On 1 December 2014 at 05:05, Reindl Harald <h.reindl@xxxxxxxxxxxxx> wrote:
Am 01.12.2014 um 12:57 schrieb Pierre-Yves Chibon:no number is in fact better than wrong numbers backed by nothing beause they lead in wrong conclusions - your 122/133 numbers could in reality also be 1000 users installed them from mirrors and your calculation is the best example for wrong assumptions
On Mon, Dec 01, 2014 at 12:38:24PM +0100, Reindl Harald wrote:
Am 01.12.2014 um 12:36 schrieb Alec Leamas:
On 01/12/14 12:29, Reindl Harald wrote:
Am 01.12.2014 um 12:26 schrieb Alec Leamas:
Lets face it: I envy those who can measure the usage from a download
counter or so. Can we have something similar?
no - you have no clue which mirror was used without explicit tracking in
YUM/DNF and given the noise about the recent Firefox changes you won't
even consider seriously tracking inside the distribution
additionally downloads are meaningless - many setups with more than one
machine have their local mirrors and a download can be 1, 10 or 50
installed instances
I hesitated when writing my initial message, didn't include this:
Feedback why this is impossible isn't really helpful here, most of us
are aware of the limitations. Given that we agree on the overall goals
(?), useful input is what can be done, and how
it is helpful because the fact it is impossible will shutdown that
discussion because - well, it's impossible
The question becomes, is any numbers better than no number?
In theory, we could get an idea of how much a package is downloaded. Mirror are
syncing all the content, so they introduce a baseline while user is what
introduce the variability.
So if we were to be able to gather logs from a) the main repos + b) some
volunteer repos, we could get a trend.
The number would of course not be exact as you mentioned but we could get an
idea, something like: we have 132 mirrors and my package was downloaded 133
times, which potentially means there is one user (me) using that package.
There might be more, but if no-one ever reports a bug and we see the number of
download is basically equal to the number of mirrors, we can get an impression
that this package isn't used by many people.
So we come back to the question: is any number better than no number at all?
Even to get a trend?
While that is 'true', most of the world doesn't work on 'true'. Your cars speedometer doesn't give you the accurate km/hour. [Even BMW digital has a +/- 2 km/hour due to all the factors from tire present size to road conditions.]. The answer is can you accurately remove enough noise to feel confident that you are doing 100 km/hour versus 120 km/hour. The same goes for measuring downloads.

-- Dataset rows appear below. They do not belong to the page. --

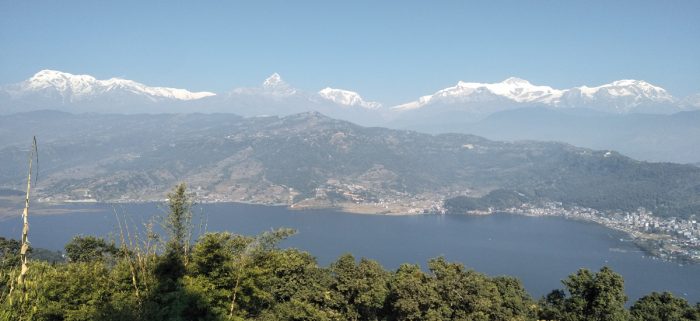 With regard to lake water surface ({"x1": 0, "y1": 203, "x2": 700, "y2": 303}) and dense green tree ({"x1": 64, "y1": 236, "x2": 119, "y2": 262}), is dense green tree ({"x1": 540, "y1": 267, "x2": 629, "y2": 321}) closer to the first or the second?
dense green tree ({"x1": 64, "y1": 236, "x2": 119, "y2": 262})

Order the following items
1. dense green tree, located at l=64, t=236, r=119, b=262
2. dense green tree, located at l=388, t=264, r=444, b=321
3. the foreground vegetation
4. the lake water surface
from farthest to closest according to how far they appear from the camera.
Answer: the lake water surface → dense green tree, located at l=64, t=236, r=119, b=262 → dense green tree, located at l=388, t=264, r=444, b=321 → the foreground vegetation

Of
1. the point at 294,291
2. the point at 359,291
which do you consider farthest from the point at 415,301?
the point at 294,291

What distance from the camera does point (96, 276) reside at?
21891mm

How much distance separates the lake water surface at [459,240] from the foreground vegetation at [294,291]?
60470 millimetres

you don't have 132 downloads because 132 mirrors
in fact you have *zero* - mirrors are done with rsync
Not all mirrors rsync. Quite a few mirror via http using scripts that were originally ftp ones. Which is why I don't use the numbers from dl.fedoraproject.org for matching usage of packages. So many sites mirror locally using http that the noise on dl.fedoraproject.org is impossible to pull out. What instead one can do is take multiple sub-mirrors (eg things yum/dnf talks to only) and then statistical analyze the data from their logs to see if you can figure out the noise. If that is possible then some sort of number of users and most used packages should be able to collect.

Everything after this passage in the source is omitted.